Bitter für Sebastian Jud. SNOWBOARD / Der Stams-Schüler hatte sich in Saalbach mehr erwartet und schied vorzeitig aus – Bruder Florian ging es besser.

VON DANIEL FENZ

Für den Burgenländischen Skiverband gab es eine Premiere. Mit Florian und Sebastian Jud sowie Matthias Feymann starteten drei Burgenländer beim Europacup in Saalbach.

Ebenso wurden die österreichischen Meisterschaften im Snowboardcross ausgetragen. Deshalb gab sich auch die komplette einheimische Elite in der spektakulären Sportart ein Stelldichein. Neben den österreichischen Stars waren weitere Weltcupfahrer dabei, die damit ein Loch im Rennkalender füllten.

„Harte Konkurrenz also für unsere Jungs“, sagte Christoph Kuh, Snowboard-Referent des Burgenländischen Skiverbandes. Bereits im Training zeigte sich, dass das warme Wetter und der Sonnenschein dem Kurs zusetzten. An manchen Stellen glich der Bewerb mehr einem Surfcontest als einem Snowboardrennen. Sebastian Jud und Matthias Feymann überstanden die Qualifikation nicht ohne Fehler. Sie ließen Zeit liegen und verpassten das Finale der besten 64.

Sehr bitter für den Stams-Schüler, der sich doch mehr erwartet hatte und als 67er scheiterte. Bruder Florian Jud machte es besser. Ein lockerer Qualifikationslauf brachte ihn in die K.o.-Phase. Im ersten Heat überholte er nach dem Start einen Konkurrenten und lag auf Platz zwei. Dicht aneinander schossen die Boardercrosser über den ersten Sprung in die vierte Steilkurve.

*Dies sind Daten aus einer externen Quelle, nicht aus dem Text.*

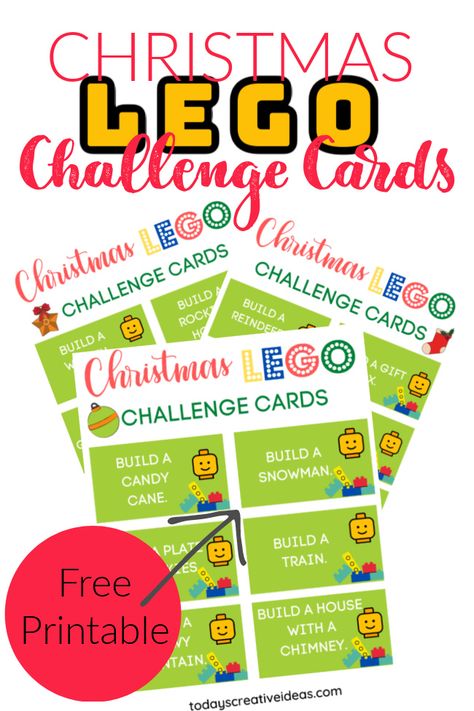 Lego Christmas Challenges For Kids, Lego Christmas Card Ideas, Lego Christmas Party, Christmas Lego Challenge, Lego Challenge Cards Free Printable, Lego Christmas Ideas, Christmas Lego Ideas, Lego Challenge Cards, Challenges For Kids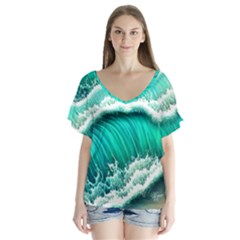 Ocean Waves Design In Pastel Colors V-neck Flutter Sleeve Top by GardenOfOphir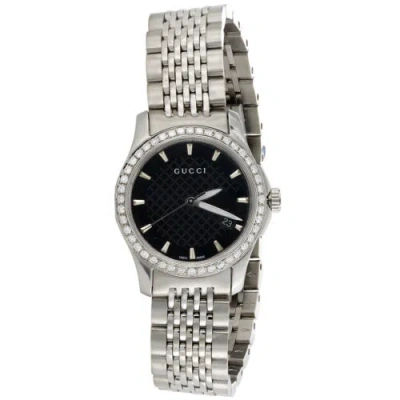 Pre-owned Gucci Ya126502 Diamond Watch G-timeless Ladies 27mm S. Steel Black Dial 0.60 Ct. In White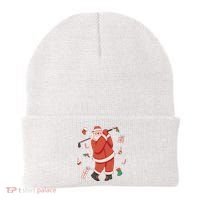 Santa Claus Golf Lover Holiday Beanie thumb 0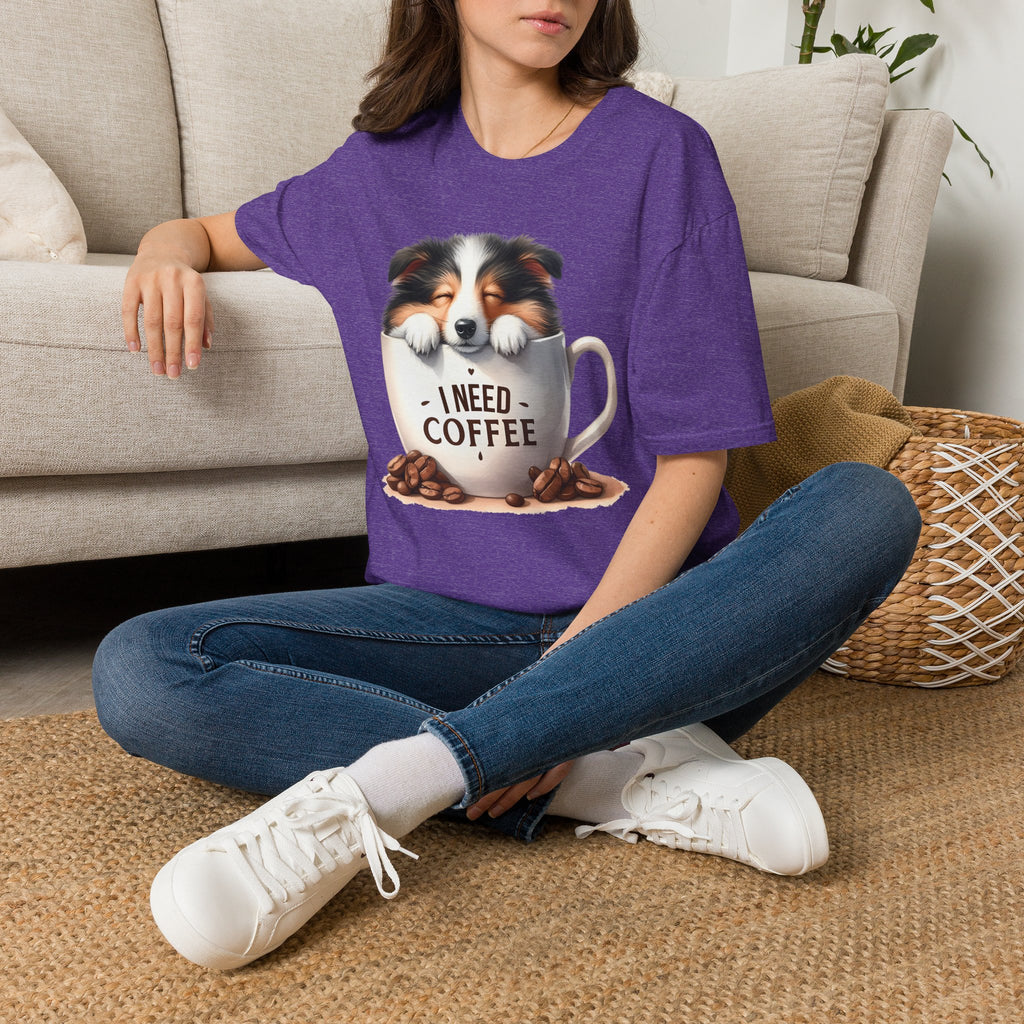 I Need Coffee Dog T-Shirt | Coffee Cup, Shetland Sheepdog Illustration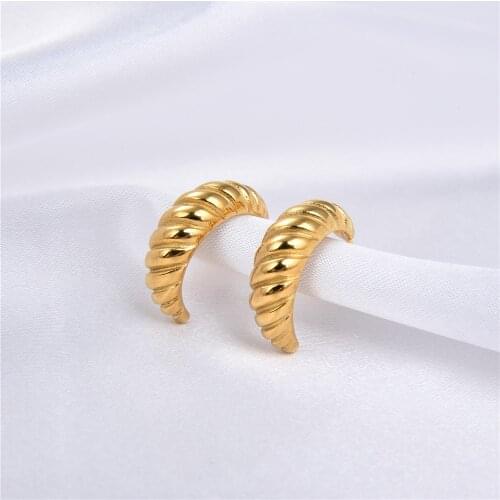 Summer New Gold Plated Stainless Steel Croissant Hoop Earrings For Lady Hypoallergenic Female Circle Waterproof Earrings Jewelry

Bei der Ausfahrt zog der Dritte mit Überspeed wieder an Jud vorbei. Der Südburgenländer lieb zwar bis zum Schluss auf Tuchfühlung. Doch am Ende reichte es nicht für ein Weiterkommen, aber dennoch für Platz sechs

Am Sonntag schaffte es Florian Jud erneut ins Finale, riskierte alles, musste jedoch nach einer Steilkurve und der damit verbundenen Landung im Fangzaun das Rennen aufgeben. Trotzdem: „Flo hat alles richtig gemacht“, analysierte Kuh.